ACTIVITY
Please copy, word for word, the line holding "View of a Laptop" and each line that follows it through the end of the entries, omitting any pictures.

Captioned web image data:
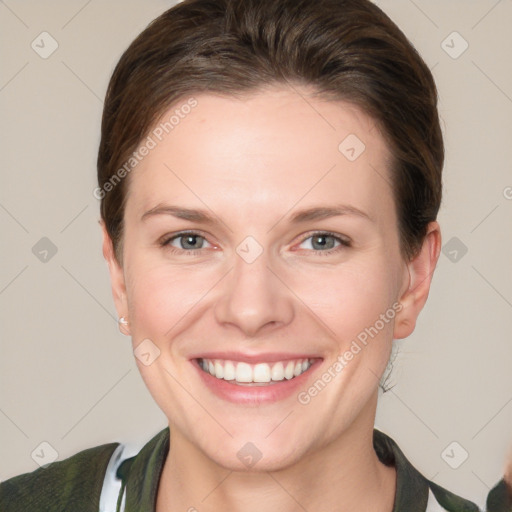 Joyful white young-adult female with short  brown hair and grey eyes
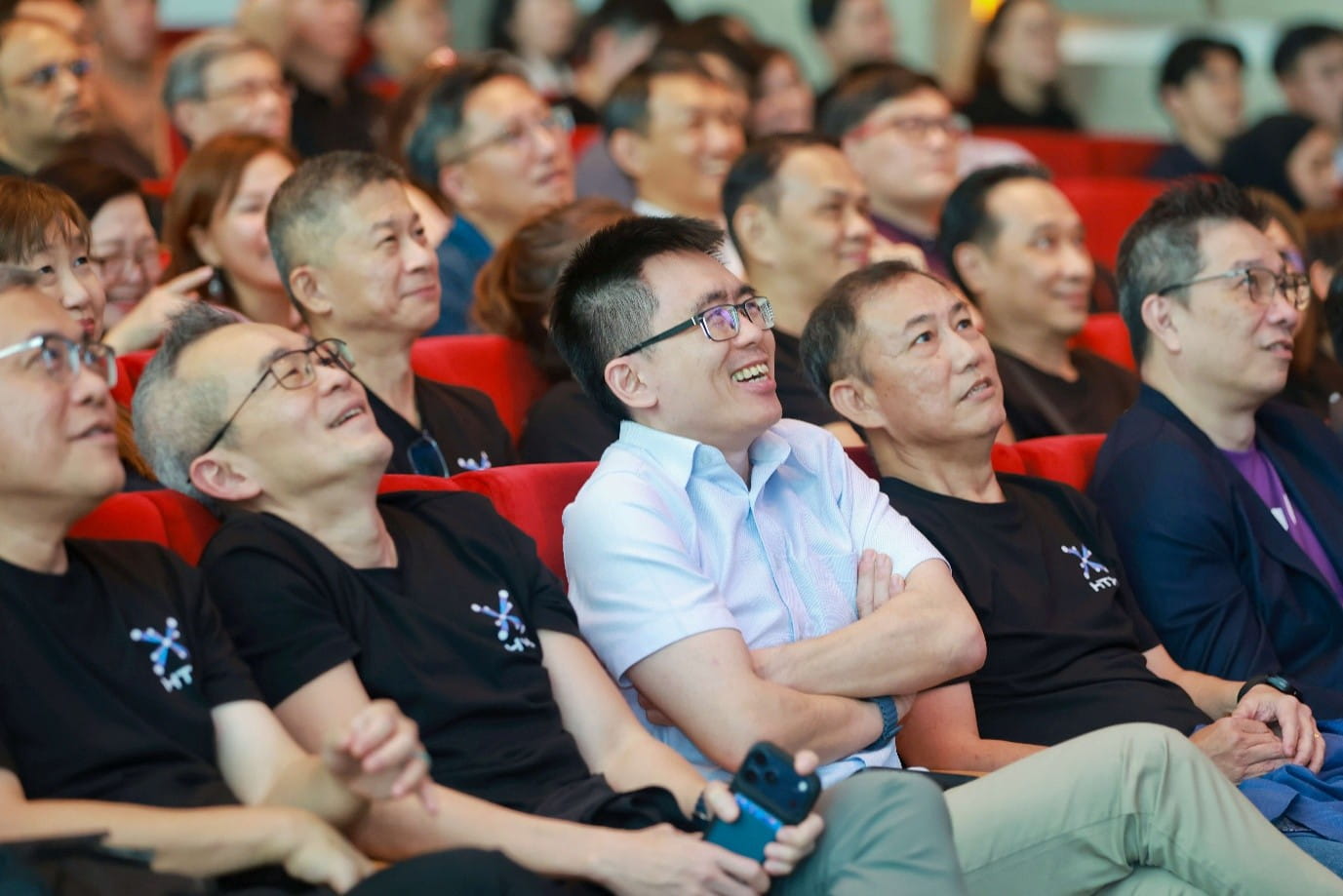 Audience seated in red auditorium chairs.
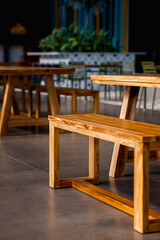 Clean lines of modern wooden benches and tables in a contemporary cafe or eatery. Warm wood tones contrast with cool polished concrete floors, creating an inviting, minimalist interior space.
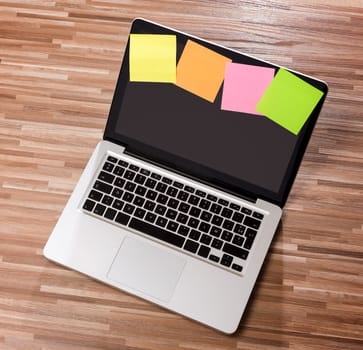 View of a Laptop in high definition on a wood background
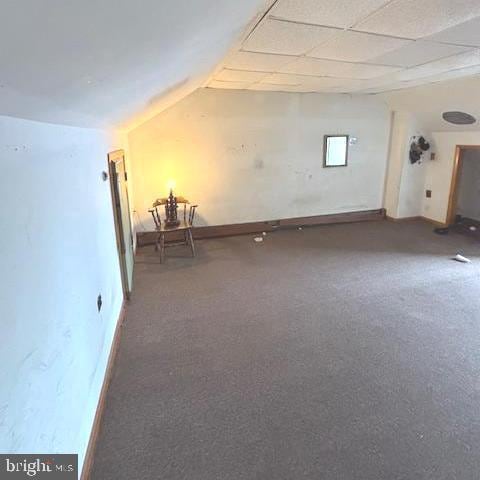 unfurnished room featuring lofted ceiling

ANSWER BOX
 View of a Laptop in high definition on a wood background
 unfurnished room featuring lofted ceiling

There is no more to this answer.